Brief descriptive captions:
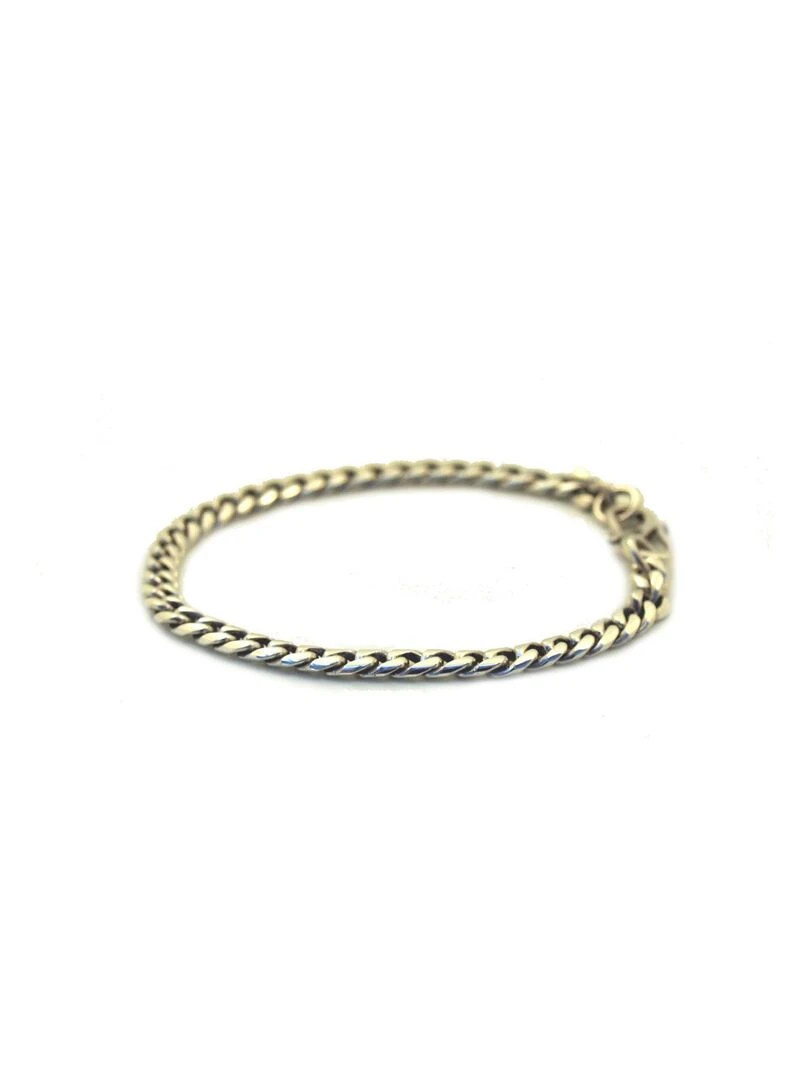 Bracelet souple chaine gourmette Bijoucolor Argent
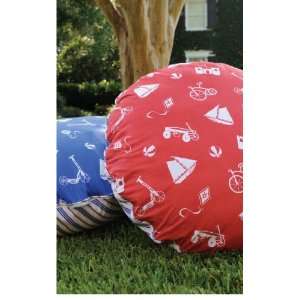  Boys Toys Tuffet Floor Pillow: Home & Kitchen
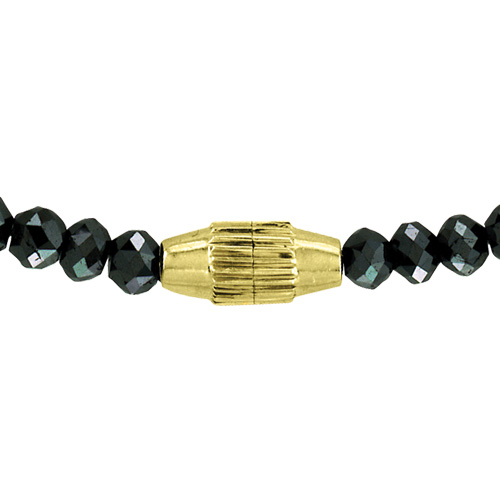 14K Yellow Gold 54 1/4 ct. Black Diamond Necklace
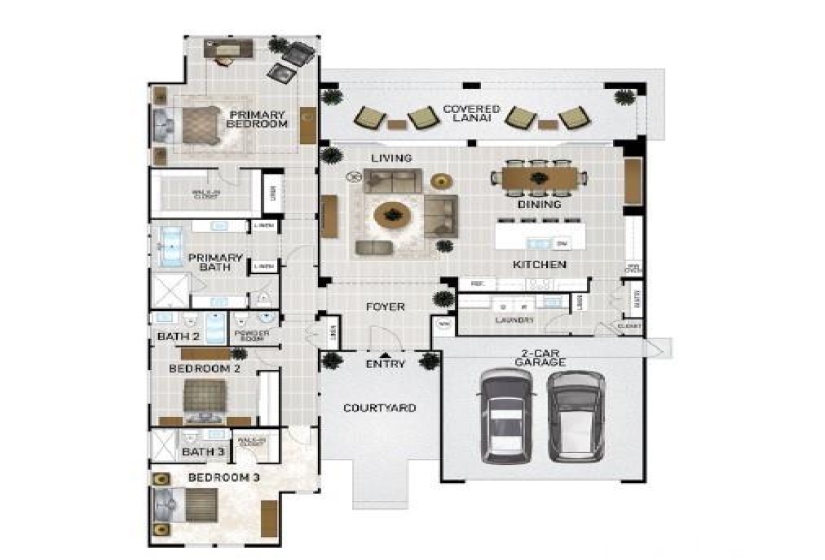 Illustrations are artists’ conceptual depictions only of proposed improvements, are not necessarily to scale, and may differ from actual improvements, if any, when constructed. The specific features in a residence vary from home to home and not all features are available in all series or all floorplans within a series. We reserve the right to modify or cancel these specific features, substitute equipment, materials, appliances and brand names in our sole discretion. Color and size variations may occur. All square footage numbers are approximate and may vary due to plotting and field variations or method of measurement. In addition, we reserve the right to make modifications to the maps, floorplans, square footages, exteriors, specifications, features, dimensions, designs, building materials, options, colors, finishes, landscaping layout and materials, and product types at any time without notice or obligation.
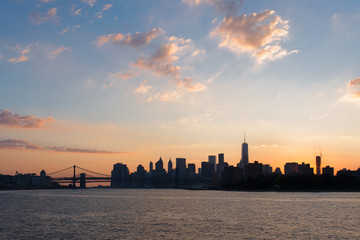 Fototapeta na wymiar New York at sunset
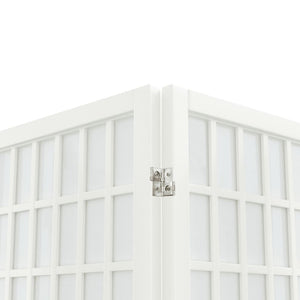 Japanischer Paravent, 6-teilig, 240x170 cm, Weiß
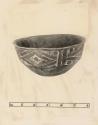 Small bowl from a burial with concentric parallelograms design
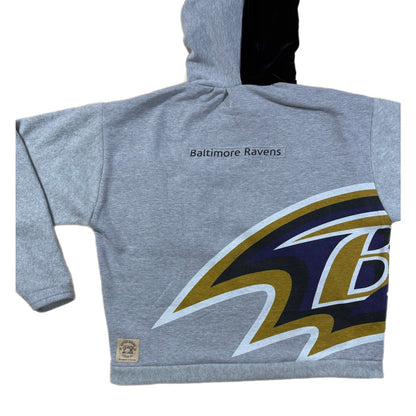 Ravens Velvet Patchwork Hoodie
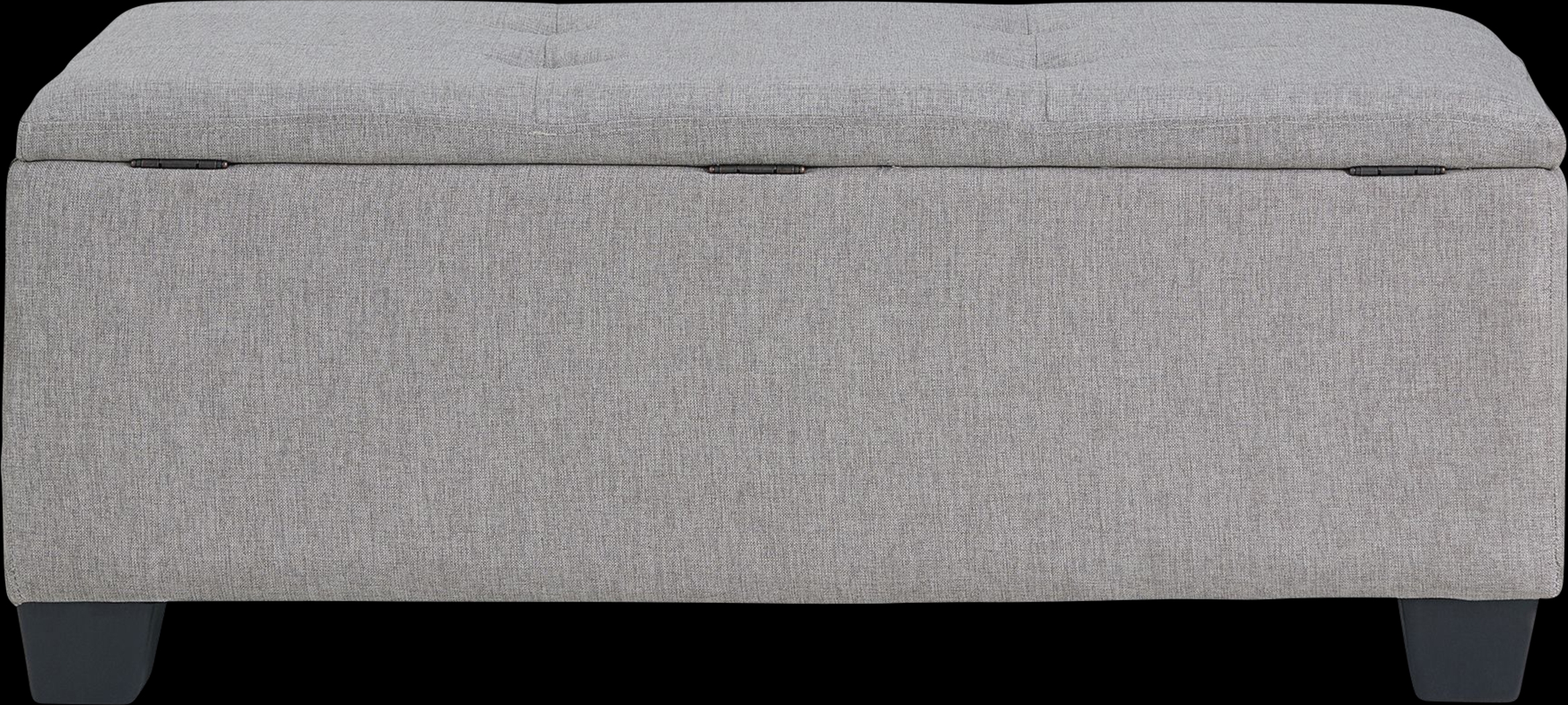 Yoest Gray 3pc Storage Ottoman Set - Thumbnail - Image 8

■ **WORK ORDER**
Return all the data exactly, pictures omitted.

■ **RESULT**
 Bracelet souple chaine gourmette Bijoucolor Argent
  Boys Toys Tuffet Floor Pillow: Home & Kitchen
 14K Yellow Gold 54 1/4 ct. Black Diamond Necklace
 Illustrations are artists’ conceptual depictions only of proposed improvements, are not necessarily to scale, and may differ from actual improvements, if any, when constructed. The specific features in a residence vary from home to home and not all features are available in all series or all floorplans within a series. We reserve the right to modify or cancel these specific features, substitute equipment, materials, appliances and brand names in our sole discretion. Color and size variations may occur. All square footage numbers are approximate and may vary due to plotting and field variations or method of measurement. In addition, we reserve the right to make modifications to the maps, floorplans, square footages, exteriors, specifications, features, dimensions, designs, building materials, options, colors, finishes, landscaping layout and materials, and product types at any time without notice or obligation.
 Fototapeta na wymiar New York at sunset
 Japanischer Paravent, 6-teilig, 240x170 cm, Weiß
 Small bowl from a burial with concentric parallelograms design
 Ravens Velvet Patchwork Hoodie
 Yoest Gray 3pc Storage Ottoman Set - Thumbnail - Image 8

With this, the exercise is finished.